On the same day Edward Snowden warned New Zealand residents that they were “being watched” by their government, WikiLeaks published documents showing that police in Australia used powerful spyware to conduct operations.
A new cache released on Monday showed that police departments in New South Wales (NSW) are a client of Gamma International, a German-UK technology company that develops hacking software often used by governments and police. Gamma recently came under fire for providing one of its programs, FinFisher, also known as FinSpy, to oppressive regimes like Bahrain, which used the software to monitor—and occasionally blackmail—Arab Spring activists.
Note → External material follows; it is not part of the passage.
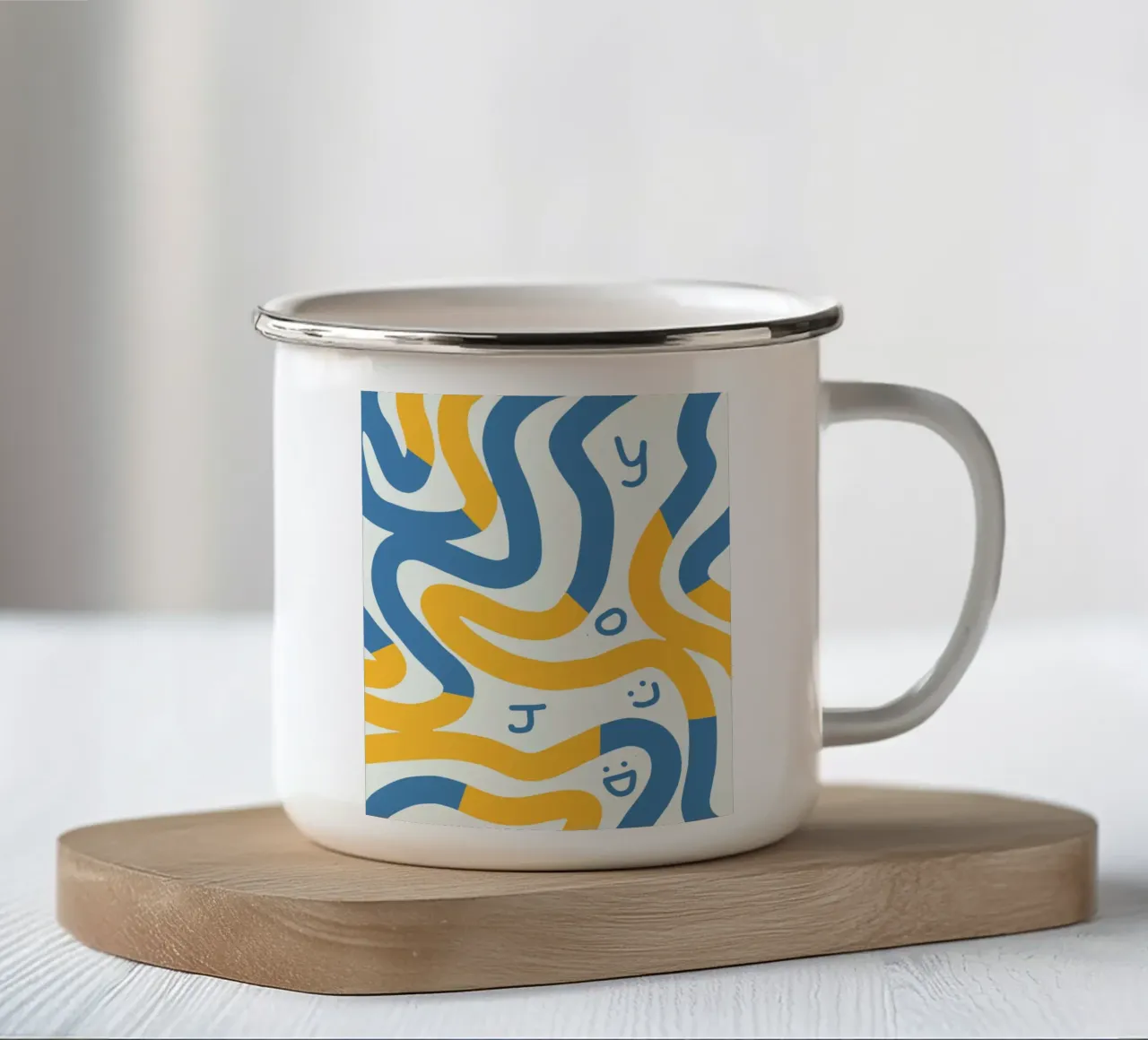 Striscia della gioia tazza in smalto da Little Dean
NSW police were one of many law enforcement organizations that FinFisher claimed as clients. Police forces and intelligence agencies from Qatar, South Africa, Pakistan, Nigeria, the Netherlands, Hungary, and Italy, among other countries, also held contracts with the surveillance company.
NSW spent more than $2 million on FinFisher’s programs, some of which enabled police to have near-unlimited access to computer records and allowed them to extract files from hard drives, read emails, and monitor Skype conversations, among other invasive tactics.
Further, police in the region can obtain covert search warrants that allow them to monitor computers remotely. In one chat log between FinFisher support staff and their NSW clients, police asked for the company to create a “categorization feature” that can identify privileged information—such as emails between lawyers and clients—before investigators read it.
“A key logger captures information which is between a lawyer and a known criminal which is not an offense in itself. The captured information needs to be able to be identified as legal privilege and not used in any further intelligence capability as it is considered private,” officers wrote.